TAMPA, Fla. — Attacked from all sides, Texas Gov. Rick Perry softened his rhetoric if not his position on Social Security in a snarky campaign debate tonight and fended off attacks on his record creating jobs and requiring the vaccination of schoolgirls against a cancer-causing sexually transmitted virus.

Across a crackling two-hour debate, the front-runner in opinion polls gave little ground and jabbed back, particularly at his most persistent critic, former Massachusetts Gov. Mitt Romney.

But the attacks were sustained — from Romney on Social Security, Texas Rep. Ron Paul saying Perry had raised taxes, Rep. Michele Bachmann and former Senate Rick Santorum assailing the governor's executive order to require Texas schoolgirls to get a STD vaccine.

"A program that's been there 70 or 80 years, obviously we're not going to take that away," Perry said in the debate's opening moments as Romney pressed him on his earlier statements questioning the constitutionality of Social Security and calling it a Ponzi scheme.

The Texas governor counter-attacked quickly, accusing Romney of "trying to scare seniors" with his own comments on a program that tens of millions of Americans — including millions in the debate state of Florida alone — rely on for part or all of their retirement income.

The eight rivals shared a debate stage for the second time in less than a week, a pace that marked a quickening in the campaign to choose a challenger to President Obama in 2012. The encounter was sponsored by tea party groups — the conservative voters who propelled the GOP to victory in the 2010 congressional elections, and by CNN.

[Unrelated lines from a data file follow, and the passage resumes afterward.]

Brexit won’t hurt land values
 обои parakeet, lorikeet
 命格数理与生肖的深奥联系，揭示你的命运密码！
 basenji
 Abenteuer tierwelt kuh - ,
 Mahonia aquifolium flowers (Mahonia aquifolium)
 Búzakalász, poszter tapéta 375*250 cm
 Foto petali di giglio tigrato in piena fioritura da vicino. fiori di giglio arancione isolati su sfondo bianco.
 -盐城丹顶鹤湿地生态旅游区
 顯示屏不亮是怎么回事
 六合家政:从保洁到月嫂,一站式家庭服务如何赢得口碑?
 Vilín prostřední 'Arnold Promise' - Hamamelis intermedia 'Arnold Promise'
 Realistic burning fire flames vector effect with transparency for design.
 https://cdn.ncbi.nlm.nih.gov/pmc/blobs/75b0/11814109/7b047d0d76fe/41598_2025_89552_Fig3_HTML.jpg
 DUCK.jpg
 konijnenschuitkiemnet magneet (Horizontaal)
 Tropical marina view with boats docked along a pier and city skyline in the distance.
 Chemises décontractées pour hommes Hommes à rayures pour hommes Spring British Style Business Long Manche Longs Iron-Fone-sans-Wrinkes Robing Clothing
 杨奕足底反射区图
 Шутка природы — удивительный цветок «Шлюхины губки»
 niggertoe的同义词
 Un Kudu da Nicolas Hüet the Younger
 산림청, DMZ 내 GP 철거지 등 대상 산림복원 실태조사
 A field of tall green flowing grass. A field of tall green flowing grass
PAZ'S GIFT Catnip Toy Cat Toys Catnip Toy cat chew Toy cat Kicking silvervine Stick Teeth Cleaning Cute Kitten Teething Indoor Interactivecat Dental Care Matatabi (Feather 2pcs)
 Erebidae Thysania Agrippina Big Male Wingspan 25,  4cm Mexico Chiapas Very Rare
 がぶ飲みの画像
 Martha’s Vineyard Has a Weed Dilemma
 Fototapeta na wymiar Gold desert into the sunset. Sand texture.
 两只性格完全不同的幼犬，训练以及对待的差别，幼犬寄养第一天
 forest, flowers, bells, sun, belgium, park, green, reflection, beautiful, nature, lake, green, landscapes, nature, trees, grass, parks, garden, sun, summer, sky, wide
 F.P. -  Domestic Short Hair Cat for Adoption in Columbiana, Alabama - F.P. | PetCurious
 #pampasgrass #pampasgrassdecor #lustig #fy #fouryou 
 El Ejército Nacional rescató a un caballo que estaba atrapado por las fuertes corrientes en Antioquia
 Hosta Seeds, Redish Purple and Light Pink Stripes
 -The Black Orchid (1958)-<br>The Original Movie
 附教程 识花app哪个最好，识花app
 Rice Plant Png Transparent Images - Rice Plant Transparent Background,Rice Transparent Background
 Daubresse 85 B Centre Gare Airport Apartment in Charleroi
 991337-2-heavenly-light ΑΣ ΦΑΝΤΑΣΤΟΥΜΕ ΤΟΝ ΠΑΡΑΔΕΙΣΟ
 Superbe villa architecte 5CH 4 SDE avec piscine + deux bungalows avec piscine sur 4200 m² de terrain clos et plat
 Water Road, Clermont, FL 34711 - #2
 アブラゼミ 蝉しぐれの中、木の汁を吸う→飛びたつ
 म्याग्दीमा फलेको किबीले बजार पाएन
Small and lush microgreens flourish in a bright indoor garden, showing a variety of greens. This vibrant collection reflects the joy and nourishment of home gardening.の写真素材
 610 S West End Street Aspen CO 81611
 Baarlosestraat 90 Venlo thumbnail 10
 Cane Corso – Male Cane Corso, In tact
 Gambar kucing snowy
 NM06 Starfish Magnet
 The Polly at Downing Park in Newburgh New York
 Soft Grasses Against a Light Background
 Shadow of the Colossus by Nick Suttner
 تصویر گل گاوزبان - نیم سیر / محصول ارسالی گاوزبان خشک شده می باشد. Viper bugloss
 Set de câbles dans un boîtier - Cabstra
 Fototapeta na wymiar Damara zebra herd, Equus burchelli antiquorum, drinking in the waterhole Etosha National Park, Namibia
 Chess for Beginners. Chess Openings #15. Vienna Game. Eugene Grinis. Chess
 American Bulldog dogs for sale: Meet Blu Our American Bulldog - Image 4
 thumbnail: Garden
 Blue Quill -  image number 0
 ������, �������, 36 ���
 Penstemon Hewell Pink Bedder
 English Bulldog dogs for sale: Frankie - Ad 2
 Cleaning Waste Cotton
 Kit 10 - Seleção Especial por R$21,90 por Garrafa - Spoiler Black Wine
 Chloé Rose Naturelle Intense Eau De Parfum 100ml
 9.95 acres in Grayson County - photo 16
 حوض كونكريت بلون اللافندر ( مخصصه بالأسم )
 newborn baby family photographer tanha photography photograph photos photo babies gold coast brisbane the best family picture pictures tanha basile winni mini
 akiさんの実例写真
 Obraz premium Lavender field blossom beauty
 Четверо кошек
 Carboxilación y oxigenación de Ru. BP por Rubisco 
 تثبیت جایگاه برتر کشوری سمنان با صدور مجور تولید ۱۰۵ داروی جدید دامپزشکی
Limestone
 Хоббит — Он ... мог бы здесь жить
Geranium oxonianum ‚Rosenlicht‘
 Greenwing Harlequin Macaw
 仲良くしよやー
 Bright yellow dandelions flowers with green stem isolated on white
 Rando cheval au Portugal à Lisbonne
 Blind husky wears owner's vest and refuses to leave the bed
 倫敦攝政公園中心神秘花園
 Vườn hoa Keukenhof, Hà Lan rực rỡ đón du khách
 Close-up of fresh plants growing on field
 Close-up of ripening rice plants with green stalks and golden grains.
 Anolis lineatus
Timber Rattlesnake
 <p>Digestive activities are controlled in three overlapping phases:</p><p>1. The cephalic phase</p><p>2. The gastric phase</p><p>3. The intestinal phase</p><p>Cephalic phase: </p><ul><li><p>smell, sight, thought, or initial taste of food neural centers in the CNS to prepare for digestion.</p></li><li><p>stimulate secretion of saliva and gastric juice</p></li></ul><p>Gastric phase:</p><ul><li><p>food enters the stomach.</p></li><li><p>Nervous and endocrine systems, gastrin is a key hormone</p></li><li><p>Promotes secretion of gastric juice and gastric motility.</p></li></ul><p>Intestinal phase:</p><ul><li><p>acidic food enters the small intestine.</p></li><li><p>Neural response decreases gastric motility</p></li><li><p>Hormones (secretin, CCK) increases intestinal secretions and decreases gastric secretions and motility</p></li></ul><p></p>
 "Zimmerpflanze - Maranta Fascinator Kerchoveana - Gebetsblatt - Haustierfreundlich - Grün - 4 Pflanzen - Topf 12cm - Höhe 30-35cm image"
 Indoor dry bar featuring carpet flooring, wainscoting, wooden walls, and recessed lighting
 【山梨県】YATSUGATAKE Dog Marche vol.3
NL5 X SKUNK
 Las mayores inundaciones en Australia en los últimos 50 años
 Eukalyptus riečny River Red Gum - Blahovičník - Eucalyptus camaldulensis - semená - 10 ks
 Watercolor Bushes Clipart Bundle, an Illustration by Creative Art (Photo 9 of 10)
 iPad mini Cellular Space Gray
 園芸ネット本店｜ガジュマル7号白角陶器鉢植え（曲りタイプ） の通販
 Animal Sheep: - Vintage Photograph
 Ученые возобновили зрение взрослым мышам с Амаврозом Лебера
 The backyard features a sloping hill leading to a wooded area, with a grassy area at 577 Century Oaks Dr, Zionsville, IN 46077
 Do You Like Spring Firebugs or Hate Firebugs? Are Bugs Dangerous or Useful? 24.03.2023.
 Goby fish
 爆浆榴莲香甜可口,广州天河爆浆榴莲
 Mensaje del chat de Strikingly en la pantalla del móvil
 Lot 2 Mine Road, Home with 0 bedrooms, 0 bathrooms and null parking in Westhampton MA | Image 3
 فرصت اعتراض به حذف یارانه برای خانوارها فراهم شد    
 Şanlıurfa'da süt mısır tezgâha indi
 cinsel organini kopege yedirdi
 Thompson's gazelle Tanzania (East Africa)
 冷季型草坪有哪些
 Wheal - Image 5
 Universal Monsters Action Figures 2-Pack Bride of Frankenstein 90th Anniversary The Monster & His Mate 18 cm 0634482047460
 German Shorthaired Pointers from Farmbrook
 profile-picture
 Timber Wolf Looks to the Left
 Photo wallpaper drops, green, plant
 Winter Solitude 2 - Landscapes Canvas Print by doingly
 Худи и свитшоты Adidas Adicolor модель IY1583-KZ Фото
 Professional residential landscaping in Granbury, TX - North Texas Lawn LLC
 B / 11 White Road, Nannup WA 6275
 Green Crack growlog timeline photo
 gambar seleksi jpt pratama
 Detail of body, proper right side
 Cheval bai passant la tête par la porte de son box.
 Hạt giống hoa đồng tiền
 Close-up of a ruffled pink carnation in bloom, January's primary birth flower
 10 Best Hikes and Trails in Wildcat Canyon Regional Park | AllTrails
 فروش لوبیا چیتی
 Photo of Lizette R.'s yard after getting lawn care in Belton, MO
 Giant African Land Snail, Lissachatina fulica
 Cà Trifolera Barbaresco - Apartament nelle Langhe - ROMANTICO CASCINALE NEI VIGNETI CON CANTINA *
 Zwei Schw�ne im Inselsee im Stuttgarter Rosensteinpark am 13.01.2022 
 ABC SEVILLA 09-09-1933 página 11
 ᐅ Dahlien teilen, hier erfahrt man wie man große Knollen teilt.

For the first time in this summer's GOP debates, internal Republican differences dominated rather than a common eagerness to unseat Obama.

There was no doubt which side the debate audience was on, though. Santorum drew loud applause when he said the current economy "would have to make a dramatic improvement just to be a disaster."

The debate unfolded in the city where Republicans will gather next summer to bestow the party nomination on a challenger to Obama.

Bachmann said she had "brought the voice of the tea party to the United States Congress as a founder of the tea party caucus."

Perry said he was glad to be at the debate with the Tea Party Express.

But it soon became clear that the presidential hopefuls were not only eager to court support from the most conservative voters but were anxious not to offend seniors and others who depend on Social Security and Medicare.

None of the three who have gotten the most support so far this year — Perry, Romney and Bachmann — said they favored repealing the prescription drug benefit in Medicare, which has a large unfunded liability. Paul, asked the same question, turned his answer to a call for ending the wars in Afghanistan and Iraq as ways to save money.